Ralph’s lips curled.
“Let’s face it, Ralph. Turns out we’re not so different after all. I was always the lonely kid with the cheap clothing and weird mother. And you. You’ve always been . . .” Sunny began stammering. “Well . . . you.”
Ralph grunted.
“Remember how people laughed at us? Behind our backs?”
“I got laughed at to my face.”
“How they mocked us?”
“I wanted to kill ’em. Coulda, too!”
This wasn’t where Sunny wanted to go. She watched Ralph’s fists pump and crimson flush into his cheeks. “Yes, you could have, Ralph. But you didn’t. You did what I did. Tried to become one of them. Right? Doing their dirty work. Giving them our total loyalty and getting squat in return.”
Ralph nodded slowly, then said, “Mr. Fixit.”
“H
uh?”
“That’s what Jack Steele calls me. Mr. Fixit. ‘Fix this building permit, Ralph.’ ‘Fix that zoning application.’ ‘Pay off this guy.’ I coulda lost my seat on the Village Board. Maybe even gone to jail. And for what? The man didn’t even show up to Louie’s funeral.” Everyone lowered their heads, so Sunny lowered hers.
Ralph continued. “Ever hear of Stockholm syndrome?” Somewhere in Sunny’s head, an alarm pinged.
“I read about it once. It’s psychology,” he said. “It’s when a hostage thinks the guy who’s gonna behead him is a friend. That’s us. We’re like hostages to those people on the Bluff.”
The words hostages and behead, pronounced in the underground headquarters of a militia committed to the violent overthrow of the U.S. government, in a basement cluttered with heavy weapons and thick with seething resentment, concerned Sunny. She quickly changed the subject. “You and my mother don’t agree on much, Ralph. But she has always respected you. Always will. That’s more than you can say for Jack Steele. Let’s join forces, Ralph. Let’s take him down.”
She watched as Ralph scanned the room. Ever since Louie’s demise, retention of fighters had suffered. Evidently, there was something about that loss that suggested to some that a safer method of overthrowing the government might be posting anonymous rants on Facebook from the comfort of their parents’ basements. Bobby Reilly remained, and about a dozen others. They were outcasts and castoffs, convinced of conspiracies because life had ruthlessly conspired against them.

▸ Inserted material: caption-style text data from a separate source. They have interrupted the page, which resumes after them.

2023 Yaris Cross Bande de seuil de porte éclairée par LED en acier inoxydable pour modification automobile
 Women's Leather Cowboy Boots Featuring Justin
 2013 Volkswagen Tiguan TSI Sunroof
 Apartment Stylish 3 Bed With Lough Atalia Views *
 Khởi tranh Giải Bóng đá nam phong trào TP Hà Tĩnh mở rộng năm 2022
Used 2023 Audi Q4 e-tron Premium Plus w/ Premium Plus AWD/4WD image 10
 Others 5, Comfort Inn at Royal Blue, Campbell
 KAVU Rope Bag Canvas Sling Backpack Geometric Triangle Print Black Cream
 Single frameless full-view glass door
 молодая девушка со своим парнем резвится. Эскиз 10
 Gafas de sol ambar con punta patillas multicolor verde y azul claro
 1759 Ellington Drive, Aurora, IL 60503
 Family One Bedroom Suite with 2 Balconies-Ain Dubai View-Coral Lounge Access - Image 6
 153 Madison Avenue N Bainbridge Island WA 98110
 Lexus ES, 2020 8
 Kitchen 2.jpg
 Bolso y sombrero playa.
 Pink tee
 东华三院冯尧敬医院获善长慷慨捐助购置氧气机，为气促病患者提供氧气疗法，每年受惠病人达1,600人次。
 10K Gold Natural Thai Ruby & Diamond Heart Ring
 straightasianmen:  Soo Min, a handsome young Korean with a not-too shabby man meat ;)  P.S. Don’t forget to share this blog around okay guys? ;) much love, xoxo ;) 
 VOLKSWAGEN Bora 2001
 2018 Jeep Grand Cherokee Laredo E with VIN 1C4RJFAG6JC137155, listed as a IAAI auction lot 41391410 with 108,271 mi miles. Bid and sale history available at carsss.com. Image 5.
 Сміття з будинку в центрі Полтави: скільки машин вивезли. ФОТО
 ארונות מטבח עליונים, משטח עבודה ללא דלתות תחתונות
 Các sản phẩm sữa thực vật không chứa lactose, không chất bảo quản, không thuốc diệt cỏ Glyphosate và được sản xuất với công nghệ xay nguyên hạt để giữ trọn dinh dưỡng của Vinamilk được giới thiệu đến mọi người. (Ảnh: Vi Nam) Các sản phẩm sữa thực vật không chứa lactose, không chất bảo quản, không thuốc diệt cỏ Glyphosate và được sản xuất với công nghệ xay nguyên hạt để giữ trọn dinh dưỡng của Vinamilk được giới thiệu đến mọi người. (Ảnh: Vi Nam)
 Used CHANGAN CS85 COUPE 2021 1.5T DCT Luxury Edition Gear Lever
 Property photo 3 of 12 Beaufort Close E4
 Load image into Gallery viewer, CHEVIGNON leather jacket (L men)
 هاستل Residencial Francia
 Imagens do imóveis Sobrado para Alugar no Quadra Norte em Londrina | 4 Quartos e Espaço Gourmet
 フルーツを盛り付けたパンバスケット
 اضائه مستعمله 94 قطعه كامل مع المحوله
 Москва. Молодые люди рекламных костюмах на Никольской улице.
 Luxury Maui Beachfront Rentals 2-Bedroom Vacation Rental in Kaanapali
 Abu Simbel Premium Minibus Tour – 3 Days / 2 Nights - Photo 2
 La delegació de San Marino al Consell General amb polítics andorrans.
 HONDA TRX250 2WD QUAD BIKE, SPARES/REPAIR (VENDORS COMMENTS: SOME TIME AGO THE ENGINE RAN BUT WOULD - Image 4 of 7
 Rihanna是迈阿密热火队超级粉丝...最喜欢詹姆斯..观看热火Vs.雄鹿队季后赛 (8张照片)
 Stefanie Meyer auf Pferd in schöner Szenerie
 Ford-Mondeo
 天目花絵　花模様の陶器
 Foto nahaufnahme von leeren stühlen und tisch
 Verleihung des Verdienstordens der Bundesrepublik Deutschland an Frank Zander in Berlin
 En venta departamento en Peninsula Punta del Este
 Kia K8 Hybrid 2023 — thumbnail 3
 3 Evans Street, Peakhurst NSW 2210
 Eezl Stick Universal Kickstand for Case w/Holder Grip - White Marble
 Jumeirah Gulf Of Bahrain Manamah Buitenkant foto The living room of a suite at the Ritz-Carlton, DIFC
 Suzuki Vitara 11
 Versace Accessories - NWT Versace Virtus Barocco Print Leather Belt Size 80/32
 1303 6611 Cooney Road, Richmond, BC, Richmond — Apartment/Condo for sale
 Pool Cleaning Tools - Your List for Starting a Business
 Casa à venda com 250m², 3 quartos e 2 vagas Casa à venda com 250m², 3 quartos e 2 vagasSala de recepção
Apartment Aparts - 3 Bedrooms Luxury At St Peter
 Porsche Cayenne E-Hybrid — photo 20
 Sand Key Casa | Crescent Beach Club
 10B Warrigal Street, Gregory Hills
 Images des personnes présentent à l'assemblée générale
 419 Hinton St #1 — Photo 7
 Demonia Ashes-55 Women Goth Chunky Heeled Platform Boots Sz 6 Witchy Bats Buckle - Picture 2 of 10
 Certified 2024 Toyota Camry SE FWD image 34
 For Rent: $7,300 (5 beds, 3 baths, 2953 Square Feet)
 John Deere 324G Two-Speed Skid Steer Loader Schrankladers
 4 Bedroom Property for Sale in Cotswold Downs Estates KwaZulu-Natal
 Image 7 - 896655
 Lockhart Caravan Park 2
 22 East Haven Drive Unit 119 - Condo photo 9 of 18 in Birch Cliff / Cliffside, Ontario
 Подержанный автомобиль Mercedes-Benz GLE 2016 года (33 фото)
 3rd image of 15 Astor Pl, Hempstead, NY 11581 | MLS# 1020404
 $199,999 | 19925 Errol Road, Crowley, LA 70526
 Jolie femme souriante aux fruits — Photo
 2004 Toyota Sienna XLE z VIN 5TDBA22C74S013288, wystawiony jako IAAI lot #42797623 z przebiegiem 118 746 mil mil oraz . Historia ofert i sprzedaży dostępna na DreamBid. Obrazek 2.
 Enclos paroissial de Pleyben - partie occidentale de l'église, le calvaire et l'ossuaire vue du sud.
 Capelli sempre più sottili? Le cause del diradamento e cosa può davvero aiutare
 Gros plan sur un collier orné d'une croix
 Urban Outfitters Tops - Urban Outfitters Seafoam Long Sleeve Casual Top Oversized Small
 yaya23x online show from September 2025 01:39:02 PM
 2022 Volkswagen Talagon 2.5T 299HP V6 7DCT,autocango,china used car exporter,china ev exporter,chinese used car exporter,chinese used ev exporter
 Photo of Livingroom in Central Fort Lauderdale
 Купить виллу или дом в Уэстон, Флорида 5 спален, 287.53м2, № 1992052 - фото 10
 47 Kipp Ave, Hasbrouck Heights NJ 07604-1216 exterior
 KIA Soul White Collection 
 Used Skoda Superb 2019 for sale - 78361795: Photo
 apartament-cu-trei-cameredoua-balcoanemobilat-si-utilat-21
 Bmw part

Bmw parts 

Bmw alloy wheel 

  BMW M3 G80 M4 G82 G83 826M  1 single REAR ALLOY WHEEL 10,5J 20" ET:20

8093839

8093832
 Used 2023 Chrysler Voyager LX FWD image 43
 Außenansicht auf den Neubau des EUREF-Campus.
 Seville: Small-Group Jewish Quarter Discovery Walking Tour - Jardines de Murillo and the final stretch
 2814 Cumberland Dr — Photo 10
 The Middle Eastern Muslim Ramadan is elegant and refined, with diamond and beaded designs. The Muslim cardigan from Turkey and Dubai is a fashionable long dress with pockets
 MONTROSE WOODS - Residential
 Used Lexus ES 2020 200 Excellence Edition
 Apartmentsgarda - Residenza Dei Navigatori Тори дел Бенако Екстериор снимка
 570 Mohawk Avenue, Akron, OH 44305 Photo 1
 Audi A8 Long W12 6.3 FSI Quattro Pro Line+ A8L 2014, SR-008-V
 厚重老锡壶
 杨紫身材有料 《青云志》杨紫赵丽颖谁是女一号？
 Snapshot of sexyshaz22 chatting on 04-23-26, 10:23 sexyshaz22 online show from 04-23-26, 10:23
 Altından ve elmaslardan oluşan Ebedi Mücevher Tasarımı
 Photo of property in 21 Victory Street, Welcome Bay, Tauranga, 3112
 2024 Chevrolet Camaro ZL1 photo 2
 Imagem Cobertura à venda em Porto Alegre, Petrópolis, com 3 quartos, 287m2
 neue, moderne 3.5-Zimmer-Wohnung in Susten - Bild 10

He raised his half-crushed McDonald’s cup and proclaimed, “For Louie.”
“Louie!” they responded.
Ralph returned his focus to Sunny, nodding slowly. “One condition. I got my own plan. So I do my thing. You do yours. We stay outta each other’s way. Where we can cooperate, we will. Deal?”
Sunny smiled. “Deal. Now tell me, Mr. Fixit. Exactly what did Jack Steele ask you to fix?”